Niente spa per Cattolica, che corregge invece il modello cooperativo con un cda più leggero e posti ai soci di capitale. E il raddoppio dei premi vita, con 3 miliardi in più nel 2020 grazie all’accordo con Banco Bpm, che traina la crescita di ricavi e guadagni di una società che vuol essere più moderna ed efficiente, promettendo un dividendo fra tre anni più ricco del 50%, sopra i 50 centesimi, grazie a un utile operativo che sale del 60%, a 375-400 milioni. Sono gli elementi fondamentali del piano industriale triennale che la cooperativa assicurativa ha presentato ieri a Milano, dopo l’ok in cda, domenica.
Presentazione utile per capire le direzioni fondamentali della nuova Cattolica dell’amministratore delegato, Alberto Minali. Tra passi in avanti sull’assetto societario e cambiamenti operativi profondi. «Non dobbiamo rinunciare a 120 anni di storia – ha esordito il manager -. Ma è una storia in evoluzione. Vogliamo trasformarci, ma non diventeremo mai una low cost. Non metteremo a rischio l’azienda con investimenti non necessari o perdendo di vista il capitale – ha poi aggiunto, archiviando la crescita per acquisizioni – Tutto si tiene. Siamo troppo complessi e farraginosi. Abbiamo presentato un piano di crescita e trasformazione industriale. Se Cattolica cambia mentalità, daremo soddisfazione ai soci».
La volontà di far vedere la rottura è chiara. Assente il presidente Paolo Bedoni, Minali si presenta di fronte agli analisti con la nuova prima linea dei manager. Prima del road show è arrivata la notizia dell’uscita del direttore generale Marco Cardinaletti (costerà 3,2 milioni di euro), da ieri Ad della controllata Tua. «Ha forti competenze tecniche, gli ho chiesto di rimanere un altro anno – dice Minali -. Per ora non c’è sostituzione, ma stiamo vedendo persone. Cattolica è tornata attrattiva».
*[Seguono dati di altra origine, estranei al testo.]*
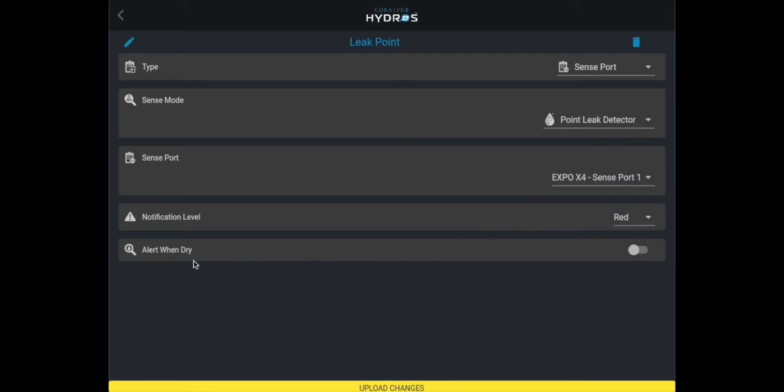When does this alert? This option allows you to select in which state to send you the notification alert. For example, do you want to get a notification when the point leak detector is dry or wet?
Il primo focus è l’assetto societario. Il cda ha approvato le linee-guida della revisione dello statuto: arriverà iil 28 aprile in assemblea soci, «che – ricorda l’Ad – è sovrana»: cda più snello rispetto all’attuale a 18, senza comitato esecutivo, che incorpora le funzioni del collegio sindacale, oggi a a 5. L’assetto una testa-un voto resta; ma persone giuridiche e fondi potranno esprimere fino al 5% dei voti e il cda avrà posti per gli investitori istituzionali. Quanti membri in cda, quanti ai soci di capitale (rispetto ai 2 riservati in passato a Bpvi) e le soglie per le liste sono da scrivere. Le novità si vedranno dal 2019, quando, a scadenza naturale, il cda sarà eletto con le nuove regole.
Il cantiere governance è già chiuso. Almeno per i tre anni del piano industriale. «La spa non è sui tavoli mio, o del cda o degli azionisti. Ci siamo chiesti quale fosse la governance più adatta per sostenere il piano industriale; pensiamo lo sia la coop temperata dai soci di capitale, che avranno na presenza adeguata ma di minoranza. Non vogliamo stravolgere la cooperativa. E comunque non sono passi di poco conto. Il nostro cda ha sempre sostenuto gli sviluppi del piano industriale, come l’operazione Banco Bpm. E poi go qualche esperienza di spa…», ha aggiunto Minali non senza autoironia, in rapporto ai rivolgimenti in Generali, per confutare che la spa sia di suo più efficace.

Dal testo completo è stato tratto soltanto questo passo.